Les troupes kényanes, qui n'ont jamais participé aux opérations de l'ONU à Beni, "inspirent un peu confiance", commente auprès de l'AFP Adriel Tsongo, 30 ans, un habitant de la ville. "Mais nous ne faisons pas confiance à l'ONU, et on se demande si ces Kényans vont faire la différence au sein de la brigade très passive" des Nations unies, ajoute le jeune homme.
Beni, ville de quelque 200.000 âmes située au nord de la province du Nord-Kivu, est au coeur du territoire où opèrent les Forces démocratiques alliées (ADF), considérées comme le plus meurtrier des groupes armés qui sévissent depuis plus d'un quart de siècle dans l'est de la République démocratique du Congo.
Une mission des Nations unies est déployée dans le pays depuis plus de vingt ans. Appelée Monuc au début, puis Monusco, elle compte quelque 16.000 hommes et son budget annuel est d'environ un milliard de dollars.

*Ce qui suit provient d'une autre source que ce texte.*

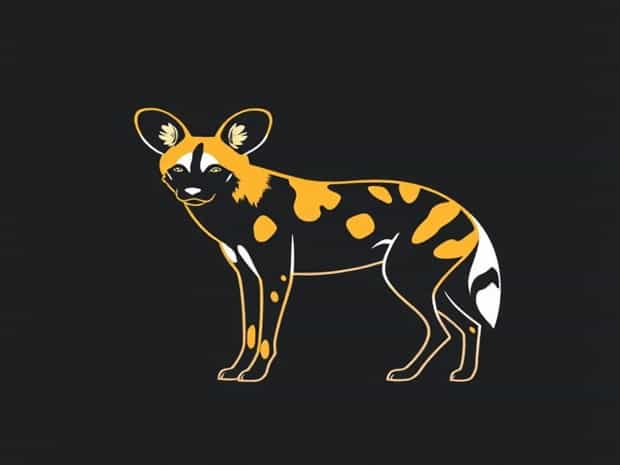 About African Wild Dog
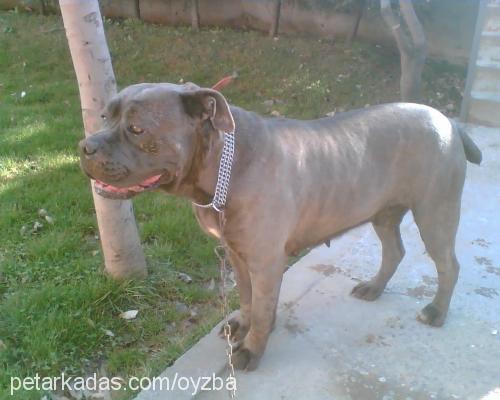 duman Dişi Napoliten Mastiff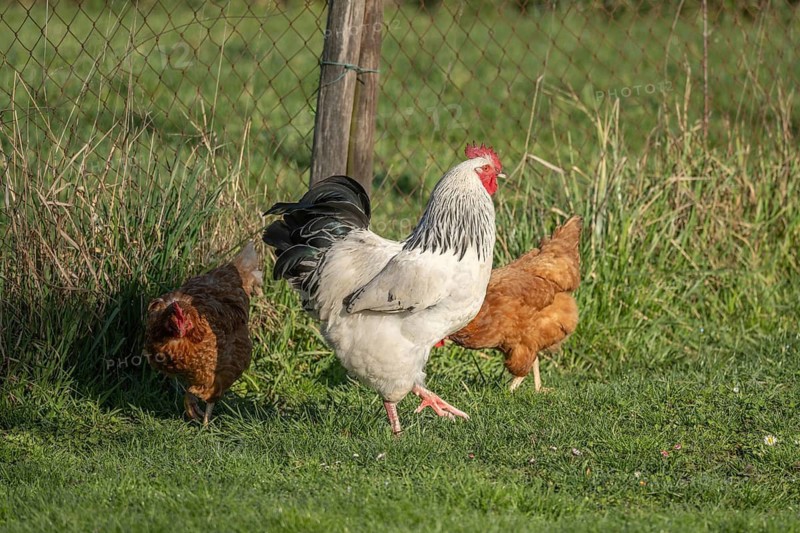 Three chicks are running in a green field. A white and a black rooster move in front of the others. The sun is shining and the animals are exploring their surroundings. Bas rhin, Alsace, France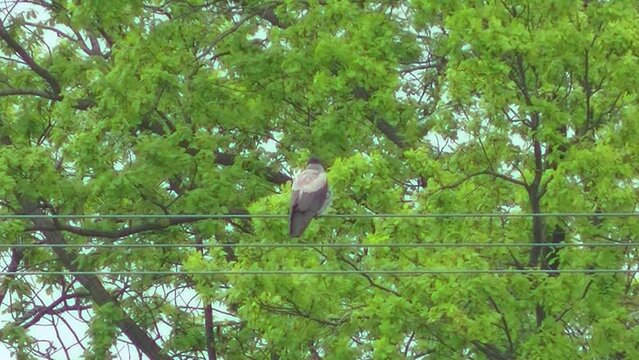 Bird, Hooded crow, Corvus cornix on cables and flies away against background of branches with green leaves of oak tree - slow motion. Topics: ornithology, natural environment, fauna, flora, spring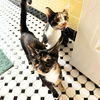 adoptable Cat in Brooklyn, NY named Hippolyta & Penthesilia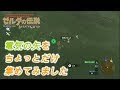 [最も共有された！ √] ゼルダ 矢 集め方 314704-ゼルダ 矢 集め方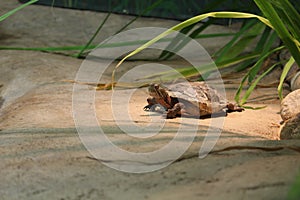 Western Painted Turtle resting AND BASKING ON A PLATFORM IN CAPTIVITY photo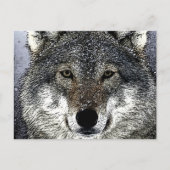 Wolf Eyes Postkarte (Vorderseite)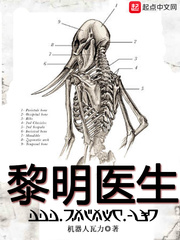 白日梦我txt剧情介绍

Depuis 2013, une Brigade d'intervention rapide (FIB), au mandat plus offensif que le reste de la mission onusienne, est déployée à Beni, composée de bataillons tanzanien, sud-africain et malawite.
Ces dernières années, l'efficacité de cette mission a été très contestée localement, comme fin 2019 lorsque des manifestations violentes, à Beni notamment, ont visé des installations de l'ONU.
Afin de "relever la présence sur le terrain pour la protection des populations", il a été décidé de renforcer la FIB avec quatre "unités organiques d'intervention rapide", rappelle à l'AFP son porte-parole, le major Ari Foukory.
L'unité tanzanienne est arrivée il y a quelques mois, la kényane a pris ses quartiers lundi et des unités népalaise et sud-africaine sont attendues sous peu, a-t-il ajouté, sans préciser le nombre d'hommes concernés mais en soulignant leur spécialisation.
"Pas avec des casquettes de touristes"
"Pourquoi, après 20 ans d'échec de la Monusco, on ajoute d'autres troupes en disant qu'elles vont combattre plus que les autres?", s'emporte un autre habitant de Beni, Benjamin Sivanzire, étudiant, qui considère les soldats de l'ONU comme des "fainéants". Pour lui, les Kényans ne pourront pas faire mieux que les autres.
Kambale Musavuli, chauffeur de taxi, déplore que la présence de la Monusco n'ait pas empêché "les ADF à commencer à égorger les gens", juge même que la situation empire et souhaite que la Monusco "dégage".
Moins radical, Adriel Tsongo estime lui que "si les troupes kényanes veulent mériter la confiance de la population, elles doivent d'emblée mener des opérations aux bilans palpables". Sinon, "nous allons encore nous lever contre cette force qui ne nous aide en rien et exiger son départ".
Calvin Maliro, président de la jeunesse de la commune de Bungulu, dans la ville de Beni, juge aussi que "ce qui compte, c'est le résultat sur le terrain". "Je dois saluer la présence de la communauté internationale dans notre pays à travers la Monusco", dit-il, mais force est de constater "qu'on est déçu".
"On a entendu dire que les Kényans sont habitués aux combats contre les jihadistes", commente un autre représentant de la jeunesse, Jimmy Kighoma, pour qui ces nouveaux Casques bleus sont donc "les bienvenus". Mais il ne faut pas "qu'ils viennent avec des casquettes de touristes", lâche-t-il lui aussi.
"Nous comprenons qu'à force de vivre dans un contexte de tueries, de barbarie, de violations des droits de l'homme, la population soit exaspérée", déclare le porte-parole de la FIB. Il insiste par ailleurs sur le fait que l'ONU n'est pas dans la région pour se substituer à l'armée, mais que sa mission principale est d'"assurer la protection des civils".